Frontend URL Update: The frontend application (capacity.tsx) has been updated to use the new consolidated download URL.
Updated Test Coverage: Corresponding unit tests have been removed from TestPendingDeletionEndpoint and new, comprehensive tests have been added in TestStorageDistributionEndpoint for the new download functionality.

What is the link to the Apache JIRA

HDDS-14517

How was this patch tested?

Tested using modified testcases.

priyeshkaratha · 2026-01-28T09:18:06Z

Hi @devabhishekpal @devmadhuu @ArafatKhan2198 can you please review the changes?

devabhishekpal

This change looks good to me, but it also needs frontend change.
The download button currently calls the pendingDeletion/download API endpoint.
However this changes it to storageDistribution/download so the download button won't work

priyeshkaratha · 2026-02-06T06:43:53Z

This change looks good to me, but it also needs frontend change.

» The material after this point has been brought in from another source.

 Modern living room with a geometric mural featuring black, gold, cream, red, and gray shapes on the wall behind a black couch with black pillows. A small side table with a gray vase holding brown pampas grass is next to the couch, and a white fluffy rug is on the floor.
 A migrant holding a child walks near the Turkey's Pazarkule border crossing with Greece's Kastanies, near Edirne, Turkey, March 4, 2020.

The download button currently calls the pendingDeletion/download API endpoint. However this changes it to storageDistribution/download so the download button won't work

Thanks @devabhishekpal for the review. calling storageDistribution/download is already part of the PR. Did I miss anything specific?

devabhishekpal

Thanks for the patch, lgtm @priyeshkaratha

devmadhuu

Thanks for the patch @priyeshkaratha . Some comments, pls check.

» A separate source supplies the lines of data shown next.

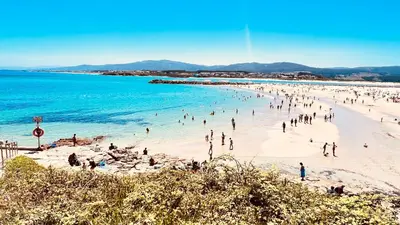 a group of people on a beach in the water at Apartamentos Terraza playa II in Foz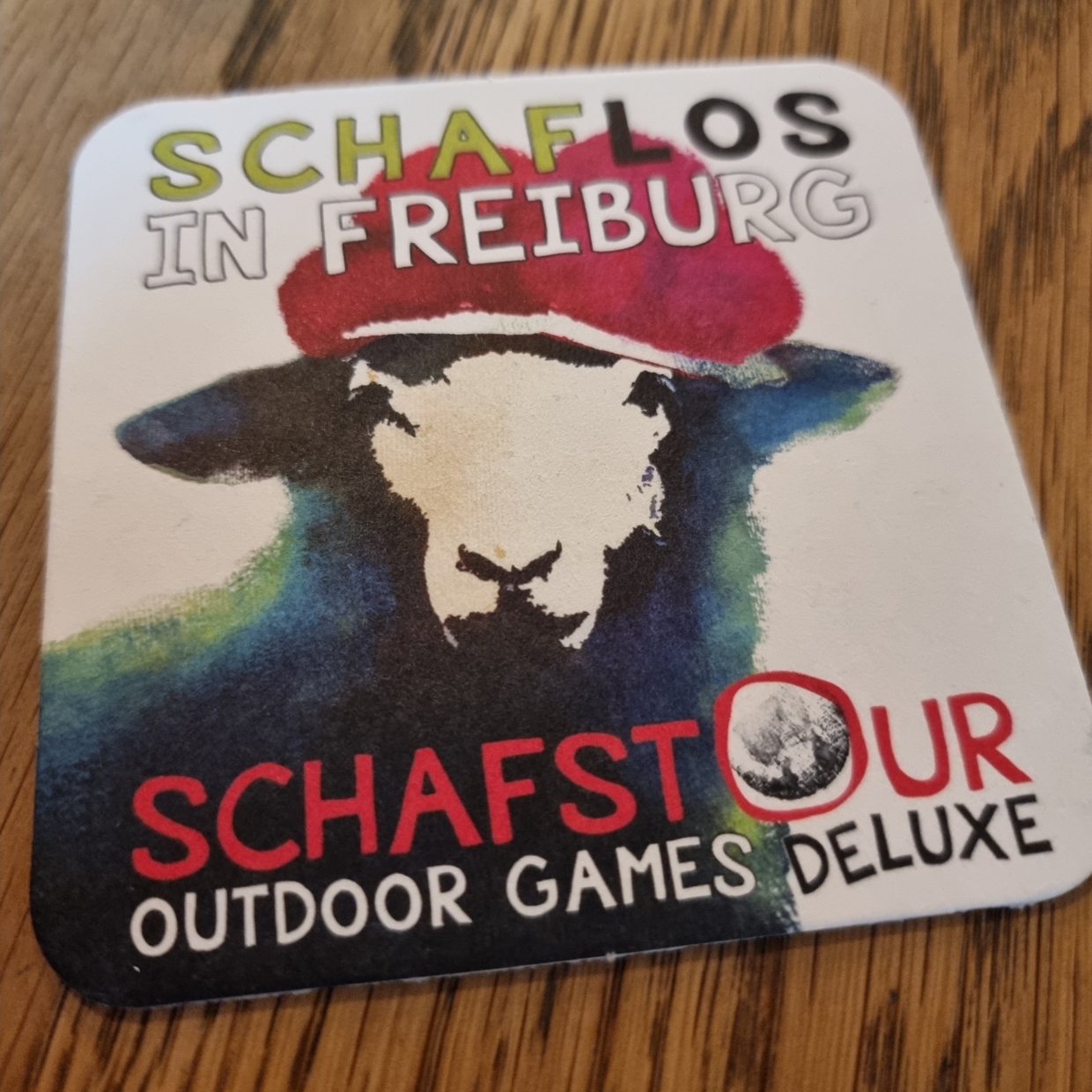 Untersetzer mit Schaf-Illustration, Text 'SCHAFLOS IN FREIBURG' und 'SCHAFSTOUR OUTDOOR GAMES DELUXE' auf Holz.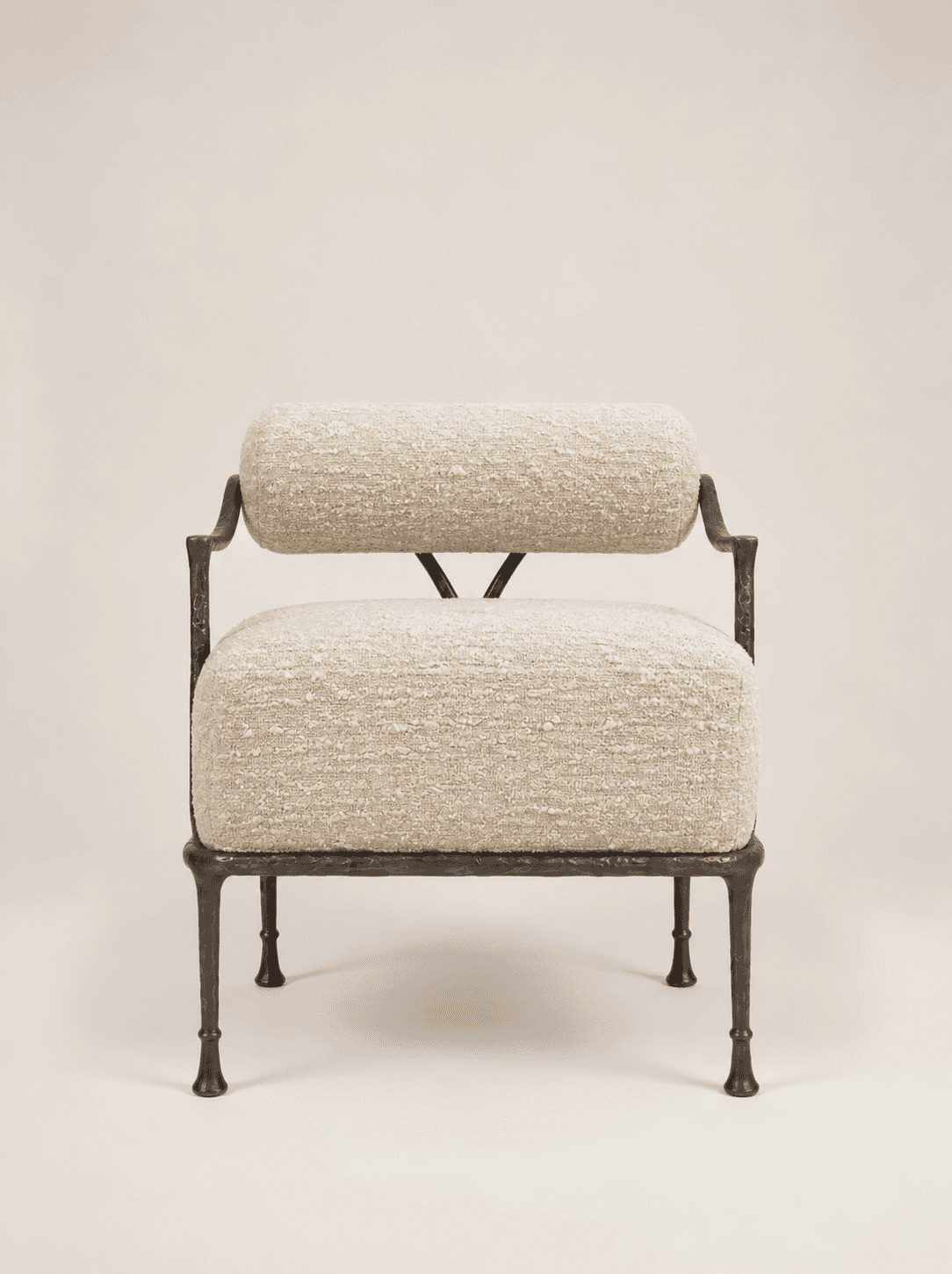 An accent chair featuring a dark, hammered or forged metal frame and upholstered in a light-colored,… — 3D model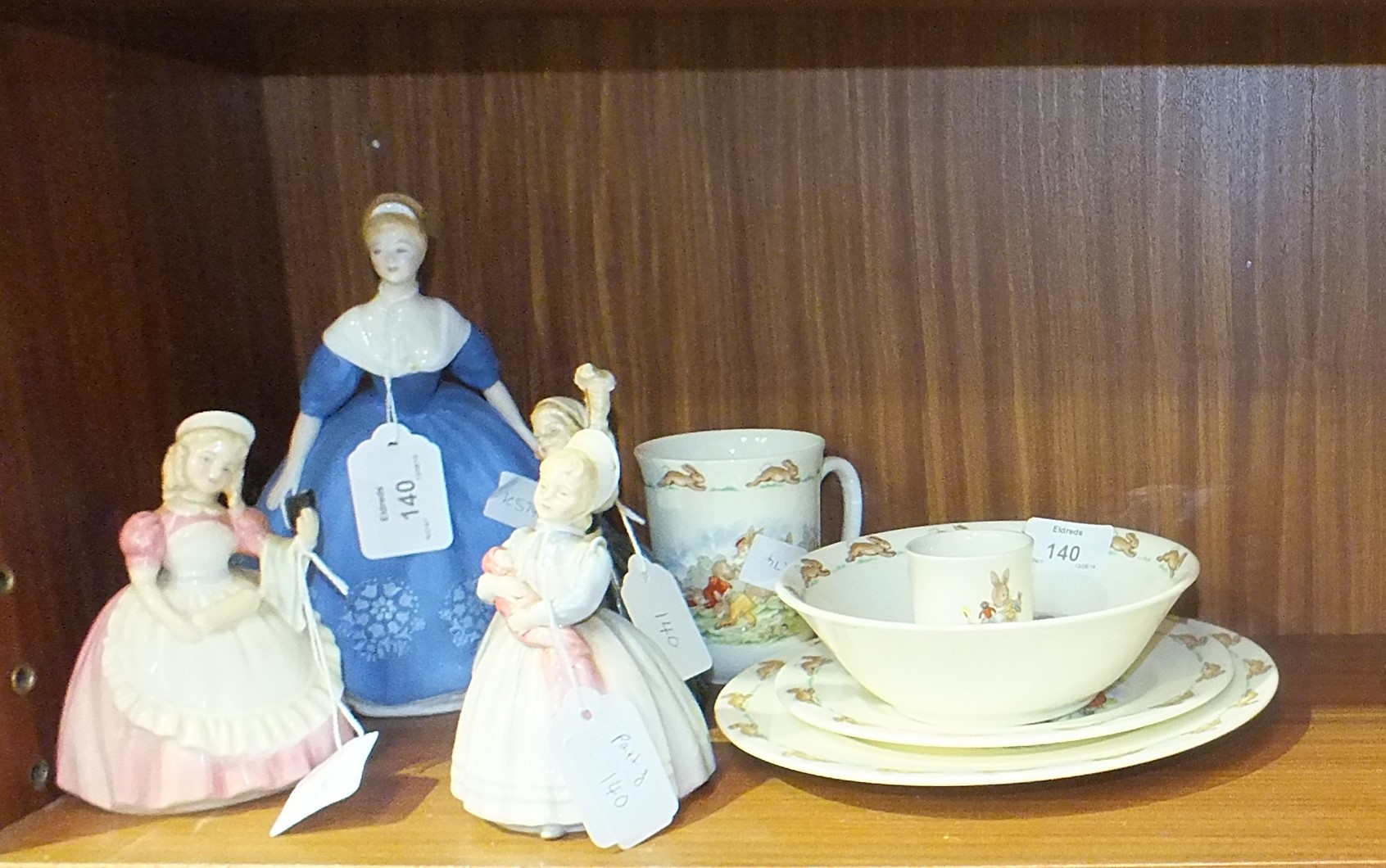 Four Royal Doulton figurines, 'Nina' HN2347, 19cm high, 'The Rag Doll' HN2142, 13cm, 'Mother's Help'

...ozone/recon/src/main/java/org/apache/hadoop/ozone/recon/api/StorageDistributionEndpoint.java

devmadhuu · 2026-02-12T12:28:26Z

...ozone/recon/src/main/java/org/apache/hadoop/ozone/recon/api/StorageDistributionEndpoint.java

  }

+  @GET
+  @Path("/download")


Since we are adding new APIs, ReadMe also to be updated along with Swagger API doc
cc: @devabhishekpal

devmadhuu · 2026-02-12T12:38:09Z

...ozone/recon/src/main/java/org/apache/hadoop/ozone/recon/api/StorageDistributionEndpoint.java

+    }
+
+    Map<String, DatanodeStorageReport> reportByUuid =
+        collectDatanodeReports().stream()

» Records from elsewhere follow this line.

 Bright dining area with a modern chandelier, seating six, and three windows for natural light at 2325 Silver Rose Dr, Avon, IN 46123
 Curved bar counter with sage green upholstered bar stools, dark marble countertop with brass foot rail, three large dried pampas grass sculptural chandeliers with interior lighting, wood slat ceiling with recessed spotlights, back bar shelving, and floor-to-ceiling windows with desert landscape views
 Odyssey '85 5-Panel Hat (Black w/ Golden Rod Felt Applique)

collectDatanodeReports() calls nodeManager.getAllNodes() which iterates all datanodes

For each datanode, it calls nodeManager.getNodeStat() and nodeManager.getTotalFilesystemUsage()

This happens synchronously during the HTTP request

For 1000+ datanodes, this could be a bottleneck, can we use already-collected metrics from DataNodeMetricsService, because chances are that user may click to download csv as soon as he see the data in table and if this is not feasible, then can we add some kind of timeout protection ?

...e/recon/src/test/java/org/apache/hadoop/ozone/recon/api/TestStorageDistributionEndpoint.java

devmadhuu · 2026-02-12T12:45:37Z

...ozone/recon/src/main/java/org/apache/hadoop/ozone/recon/api/StorageDistributionEndpoint.java

+        for (DatanodePendingDeletionMetrics metric : pendingDeletionMetrics) {
+          DatanodeStorageReport report = reportByUuid.get(metric.getDatanodeUuid());
+          if (report == null) {
+            continue; // skip if report is missing


When a datanode has pending deletion metrics but no storage report, the row is silently dropped from the CSV. This could mask operational issues.
Scenarios Where This Fails:

Datanode just registered but hasn't sent full report yet

Datanode in STALE state

Race condition between metrics collection and report generation
Impact: Operators lose visibility into datanodes with pending deletions, which is exactly what they're trying to monitor.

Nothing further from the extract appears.